Real-to-Sim parameter estimation for dynamic cloth modeling in robotic manipulation remains underexplored, particularly regarding robustness across diverse cloth types, real-world dynamics (e.g., lifting, wind, stretching), and generalization to unseen tasks (e.g., folding, flinging, shaking). Method: We propose the first physics-informed neural network (PINN) framework for cloth physical parameter estimation, integrating differential modeling, data-driven regression, and multi-engine simulation (PyBullet/Isaac Gym), optimized jointly on motion trajectories and force feedback. Contribution/Results: We introduce the first cross-simulator, multi-cloth, multi-task Real-to-Sim benchmark for evaluating robustness and generalization. Experiments across five cloth types and six dynamic tasks show that simulator choice and estimation method significantly impact manipulation performance; PINN achieves highest accuracy in quasi-static regimes but exhibits phase lag under high-frequency dynamics. The best-performing method reduces average error by 27.4% on unseen tasks compared to baselines.

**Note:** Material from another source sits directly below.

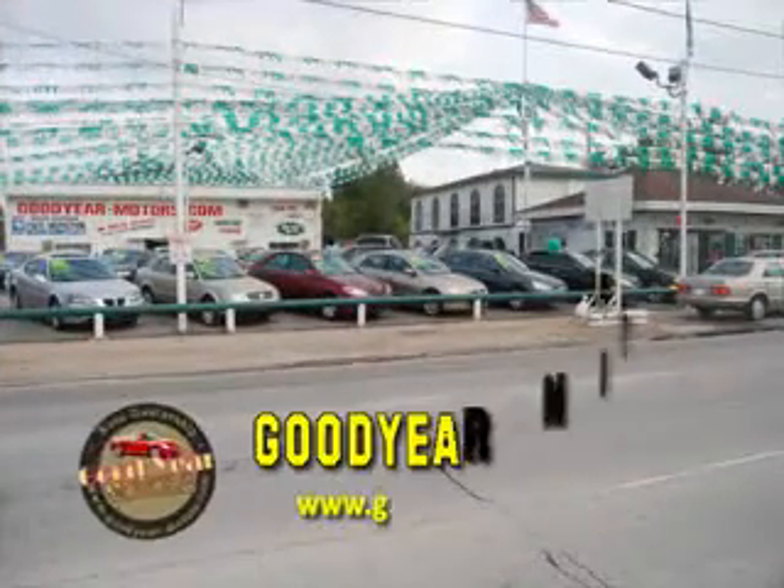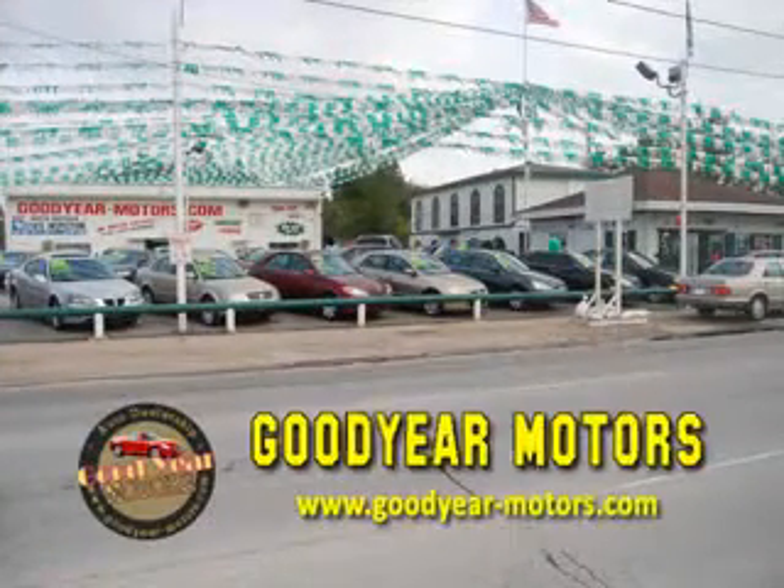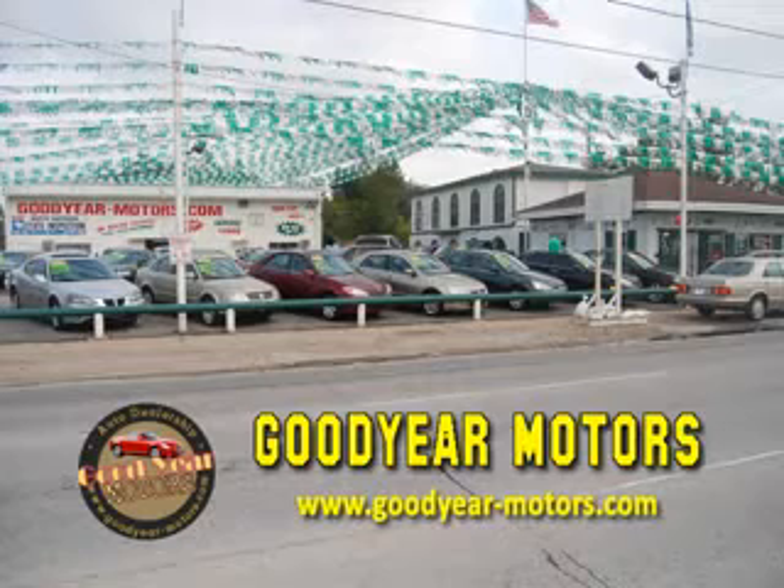We specialize in high-quality, hand-picked, pre-owned vehicles, offering several finance options to fit everyone's budget. No credit checks here. If you have a job and a check stub, we can get you into the car of your dreams.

This paper presents a rigorous evaluation of Real-to-Sim parameter estimation approaches for fabric manipulation in robotics. The study systematically assesses three state-of-the-art approaches, namely two differential pipelines and a data-driven approach. We also devise a novel physics-informed neural network approach for physics parameter estimation. These approaches are interfaced with two simulations across multiple Real-to-Sim scenarios (lifting, wind blowing, and stretching) for five different fabric types and evaluated on three unseen scenarios (folding, fling, and shaking). We found that the simulation engines and the choice of Real-to-Sim approaches significantly impact fabric manipulation performance in our evaluation scenarios. Moreover, PINN observes superior performance in quasi-static tasks but shows limitations in dynamic scenarios.